Another feature that will benefit system administrators is that WebLogic Server 8.1 can respond to events such as server failures and take corrective action automatically.

The Admin Console has improved both visually and functionally. BEA has enhanced the configuration wizards and reorganized the server configuration tabs, the SSL and Key Store tabs, and added deployment and JDBC assistants. There are now many more parameters that can be viewed and modified on the Admin Console. This includes JRockit JVM monitoring and a new timer service to send notifications at certain dates, times, or intervals.

Additionally, the functionality of the Admin Console can be extended with custom code that utilizes the Sun Microsystems Java Management Extensions (JMX) specification. This enables third parties to create custom screens to monitor and control the software packages they're selling. Companies can also choose to build Admin Console extensions to improve their capability to monitor and control their own applications.
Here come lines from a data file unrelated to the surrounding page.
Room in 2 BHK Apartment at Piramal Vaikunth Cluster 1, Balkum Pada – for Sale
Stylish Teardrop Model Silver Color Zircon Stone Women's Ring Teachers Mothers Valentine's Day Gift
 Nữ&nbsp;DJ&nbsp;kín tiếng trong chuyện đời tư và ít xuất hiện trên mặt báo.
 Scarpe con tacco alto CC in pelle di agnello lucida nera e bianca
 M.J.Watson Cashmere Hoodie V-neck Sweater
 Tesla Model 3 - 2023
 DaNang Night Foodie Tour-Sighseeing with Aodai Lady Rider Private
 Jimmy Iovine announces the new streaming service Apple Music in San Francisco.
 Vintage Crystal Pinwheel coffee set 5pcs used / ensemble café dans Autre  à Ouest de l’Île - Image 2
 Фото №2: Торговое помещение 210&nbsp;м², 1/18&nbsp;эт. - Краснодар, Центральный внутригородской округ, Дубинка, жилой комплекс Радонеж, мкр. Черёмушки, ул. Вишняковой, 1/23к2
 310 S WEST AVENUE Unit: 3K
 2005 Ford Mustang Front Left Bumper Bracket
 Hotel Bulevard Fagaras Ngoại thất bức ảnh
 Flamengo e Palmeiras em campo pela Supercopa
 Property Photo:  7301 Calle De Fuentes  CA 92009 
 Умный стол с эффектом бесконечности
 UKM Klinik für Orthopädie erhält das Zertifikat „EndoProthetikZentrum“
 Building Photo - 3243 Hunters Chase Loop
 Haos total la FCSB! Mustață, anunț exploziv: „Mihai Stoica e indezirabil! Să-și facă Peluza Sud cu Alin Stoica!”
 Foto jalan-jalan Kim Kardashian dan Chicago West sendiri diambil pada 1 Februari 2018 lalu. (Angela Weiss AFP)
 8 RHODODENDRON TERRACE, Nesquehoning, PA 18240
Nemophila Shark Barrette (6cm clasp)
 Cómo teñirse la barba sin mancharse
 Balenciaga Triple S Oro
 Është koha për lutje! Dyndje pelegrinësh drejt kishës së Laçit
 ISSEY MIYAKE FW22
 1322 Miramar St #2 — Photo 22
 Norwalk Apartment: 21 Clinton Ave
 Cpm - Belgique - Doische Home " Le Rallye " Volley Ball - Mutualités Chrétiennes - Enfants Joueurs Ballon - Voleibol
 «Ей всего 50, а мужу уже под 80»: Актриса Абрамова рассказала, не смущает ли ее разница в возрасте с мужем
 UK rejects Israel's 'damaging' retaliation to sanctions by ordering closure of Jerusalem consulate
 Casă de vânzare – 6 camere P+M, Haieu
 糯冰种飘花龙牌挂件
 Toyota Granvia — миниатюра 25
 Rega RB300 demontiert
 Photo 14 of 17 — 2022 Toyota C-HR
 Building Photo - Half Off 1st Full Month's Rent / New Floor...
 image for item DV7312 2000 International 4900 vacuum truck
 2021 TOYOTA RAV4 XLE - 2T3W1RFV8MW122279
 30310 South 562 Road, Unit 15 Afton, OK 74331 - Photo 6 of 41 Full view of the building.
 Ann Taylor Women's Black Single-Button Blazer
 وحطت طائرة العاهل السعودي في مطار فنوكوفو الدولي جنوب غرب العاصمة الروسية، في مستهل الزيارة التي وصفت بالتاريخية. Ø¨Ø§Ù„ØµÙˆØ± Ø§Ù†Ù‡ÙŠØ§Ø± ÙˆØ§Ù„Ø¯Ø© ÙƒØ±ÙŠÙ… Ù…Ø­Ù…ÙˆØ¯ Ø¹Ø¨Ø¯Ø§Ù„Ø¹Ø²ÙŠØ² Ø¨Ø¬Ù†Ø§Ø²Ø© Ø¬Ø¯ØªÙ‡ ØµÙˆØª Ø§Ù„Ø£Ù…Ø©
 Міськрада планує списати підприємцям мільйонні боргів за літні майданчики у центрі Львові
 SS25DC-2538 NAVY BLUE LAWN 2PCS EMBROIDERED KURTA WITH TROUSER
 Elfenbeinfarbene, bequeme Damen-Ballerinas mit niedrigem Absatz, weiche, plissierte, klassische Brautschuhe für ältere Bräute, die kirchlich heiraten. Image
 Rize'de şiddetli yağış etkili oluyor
WebLogic also includes Node Manager for management of distributed managed WebLogic instances. Version 8.1 enhances Node Manager by improving logging and monitoring capabilities and the capability to configure a managed server during the installation process.

Extensions to the J2EE Specification

BEA has never stopped at merely being J2EE compliant, and WebLogic Server provides many services above and beyond the specification. These extensions are discussed throughout the book.

As an example, the messaging services provided by WebLogic Server extend the JMS 1.0.2 specification with features such as clustered JMS connection factories and JMS destinations, using multicasting to deliver messages, and asynchronous sending of messages to improve performance.